15h : dans la belle acoustique d’une grande salle de répétition d’orchestre du Conservatoire de Strasbourg, Samuel Blaser – pour faire court –, en fait une identité tricéphale, Triple Dip, dont Samuel Blaser est le tromboniste, Billy Mintz le batteur, Russ Lossing le pianiste. Russ Lossing d’abord, une note énorme, profonde, une profondeur d’où tout va surgir et s’épanouir, comme au début de la Sonate en si mineur de Liszt. Lossing connaît probablement son Liszt, mais il en connaît bien d’autres et s’il faut lui supposer quelque héritage pianistique, il se s’arrête certainement pas aux gracieusetés que le piano jazz retient trop souvent de Ravel et Debussy. On pense à Bartok, Messiaen, Stockhausen… On pense aussi à Ran Blake pour l’angularité parfois brutale, à Paul Bley pour cette façon de faire sonner les entrailles du piano aux frontières du lyrisme et de l’abstraction.

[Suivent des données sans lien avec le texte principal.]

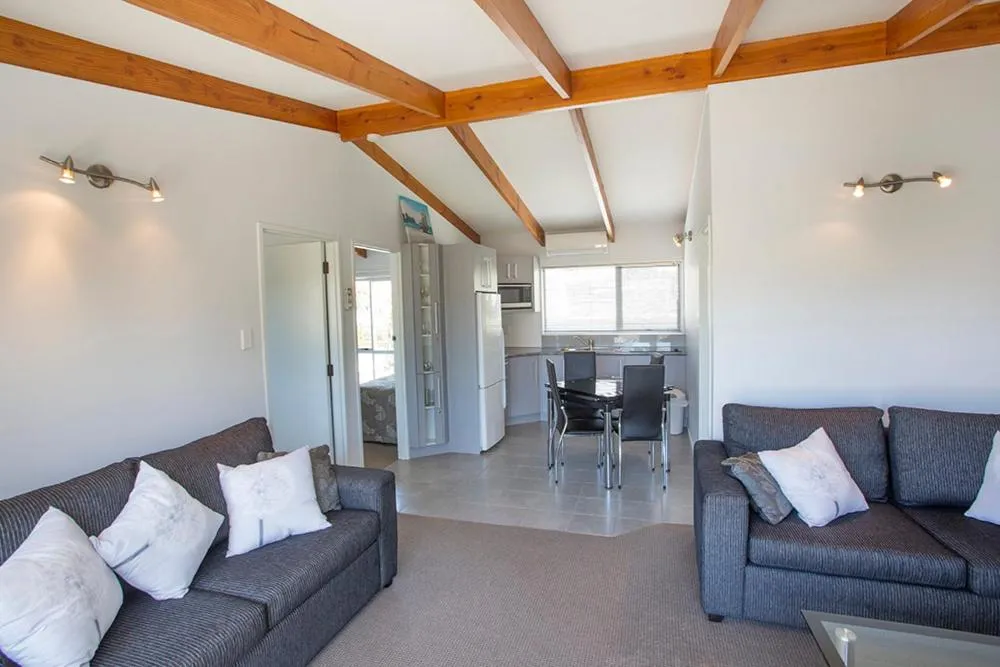 Dining area in Palm Pacific Resort & Motel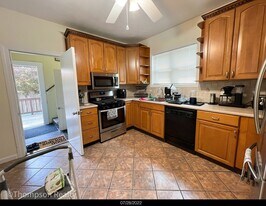 253 Spring St in Medford, MA - Building Photo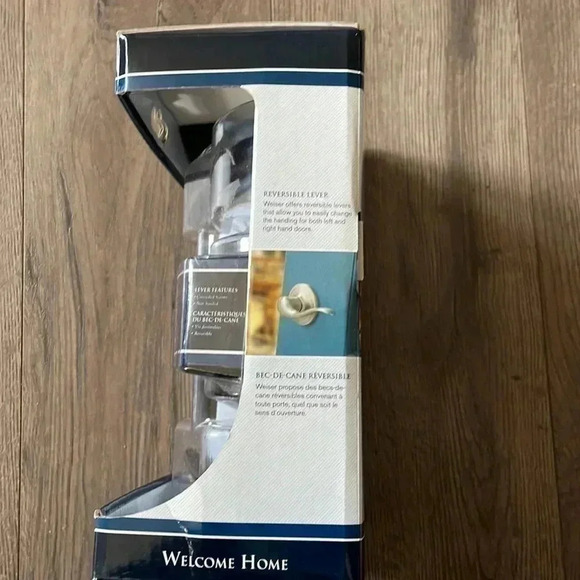 Weiser Bathroom/ Bedroom Door Handle - Brown - Picture 4 of 5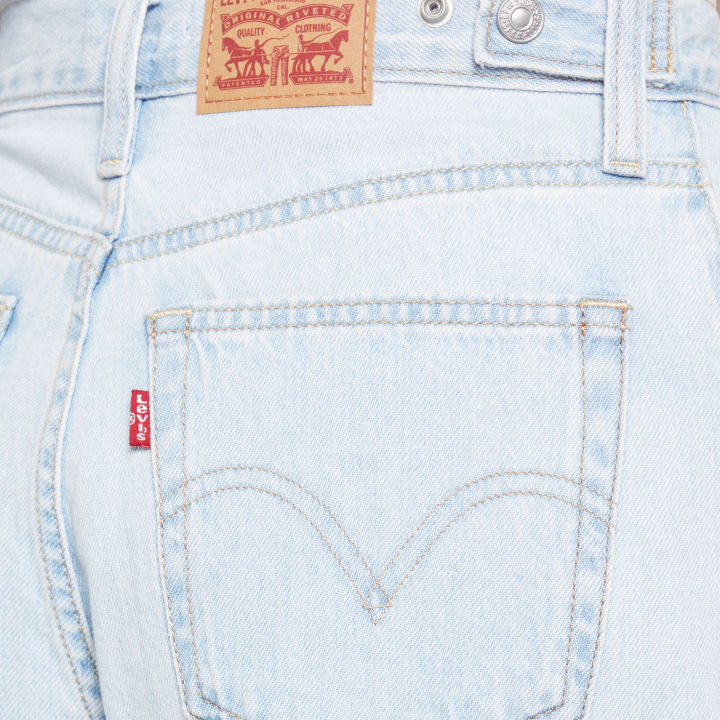 Levi's%C2%AE%20Women's%20Cinch%20Baggy%20Jeans%20-%20Image%203
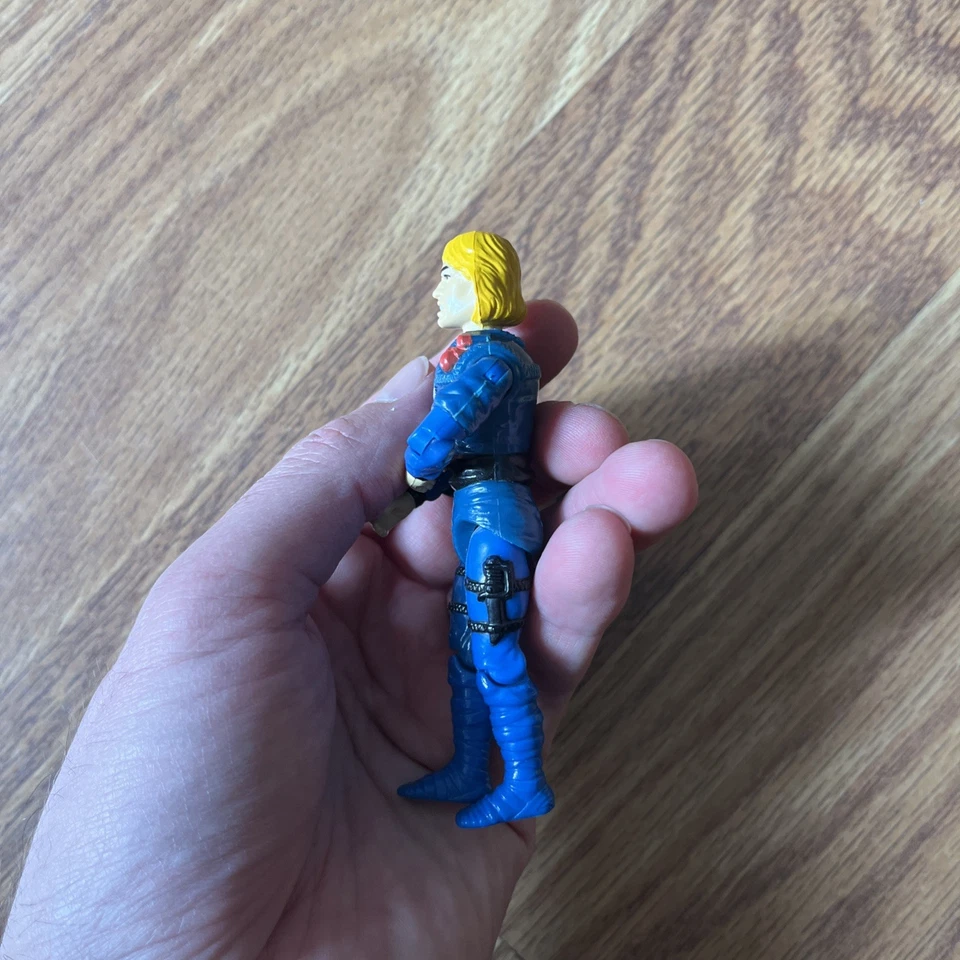 GI Joe 1993 KEN Masters - AZUL, RYU - GRIS Street Fighter 2 Hasbro Dragon Fortress Foto 3 de 4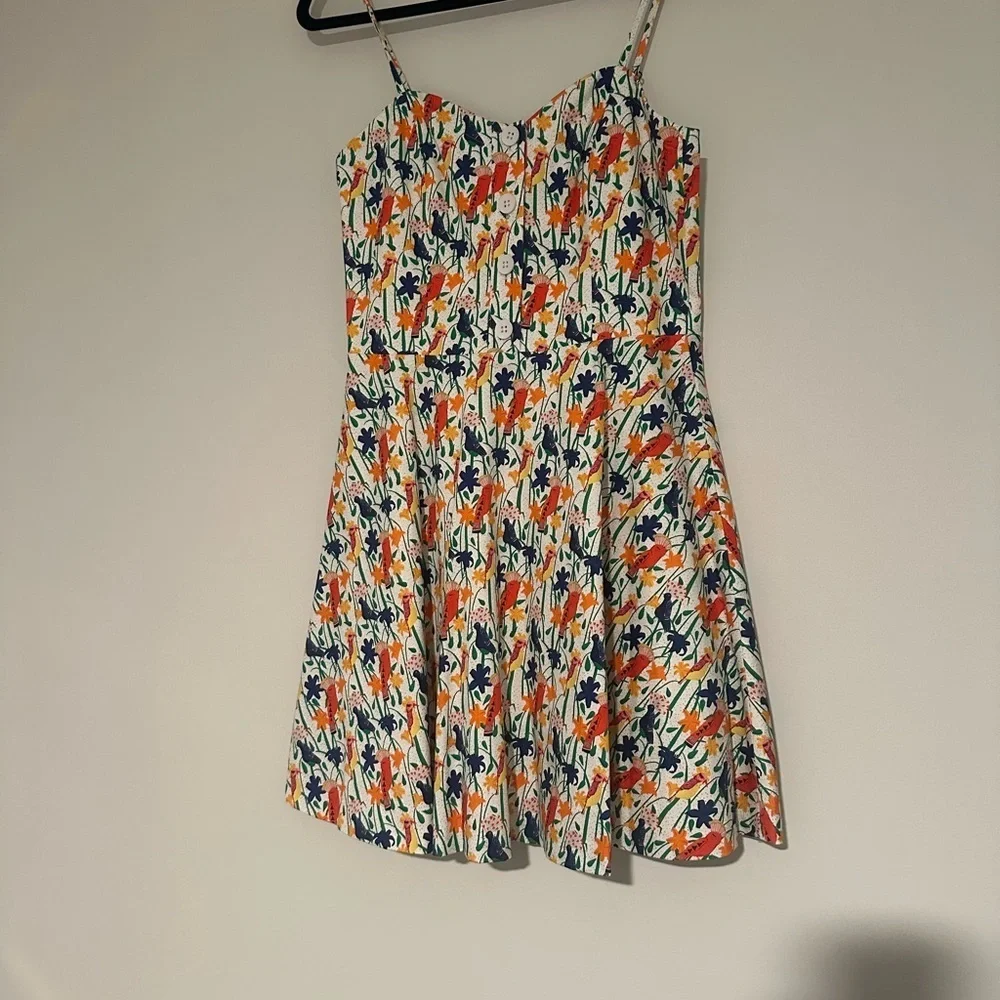 Alice + Olivia 4 Nella Sun Dress Fit Flare Bird Parrot Print Mini Button NWOT - Picture 2 of 7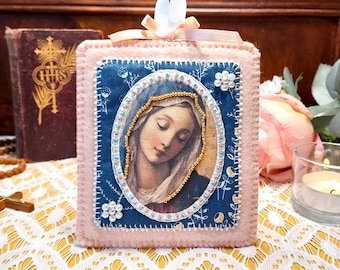 Jungfrau Maria Ex-Voto • Handgefertigte bestickte katholische Wandkunst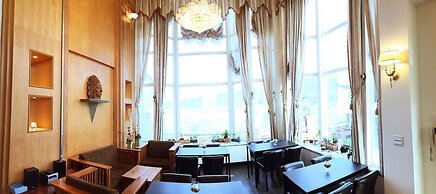 The Easy Space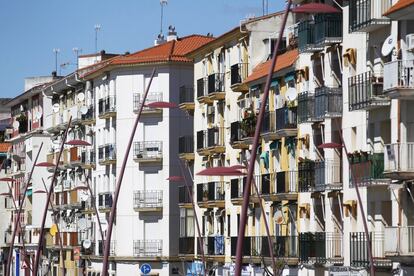 Villanueva de la Serena carece de patrimonio histórico, pero la modernización de algunos barrios ofrece un aire urbano en un entorno rural.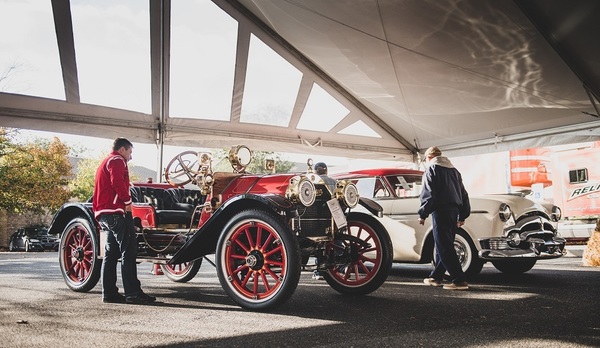 Besichtigung vor der Versteigerung - RM/Sotheby's Versteigerung in Hershey am 11./12. Oktober 2018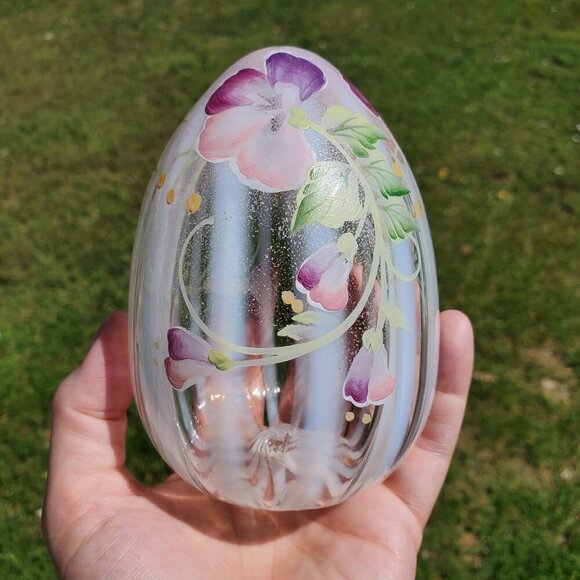 Fenton Art Glass Hand Painted Egg Limited Edition French Opalescent Milk glass - Picture 16 of 16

Par quel hasard, quelle intuition, quelle préméditation, quelle télépathie le trombone jouera-t-il sa première note pile sur telle note finale d’un long développement solo du piano? Le grain du son, la palette timbrale, la virtuosité combinée des lèvres et de la coulisse, le vieil héritage ellingtonien qui le place au juste milieu entre la souplesse de Lawrence Brown et son trombone-violoncelle et l’expressivité fauve de Tricky Sam Nanton, ses growls et ses wha wha. Mais c’était au siècle dernier, et Samuel Blaser joue l’aujourd’hui, un aujourd’hui enraciné mais sans effet “photo souvenir” (et quand il s’y livre, c’est du côté de ses vieille amours pour Don Drummond, le tromboniste du ska, mais au sein de ce Triple Dip, il n’en laisse rien paraître).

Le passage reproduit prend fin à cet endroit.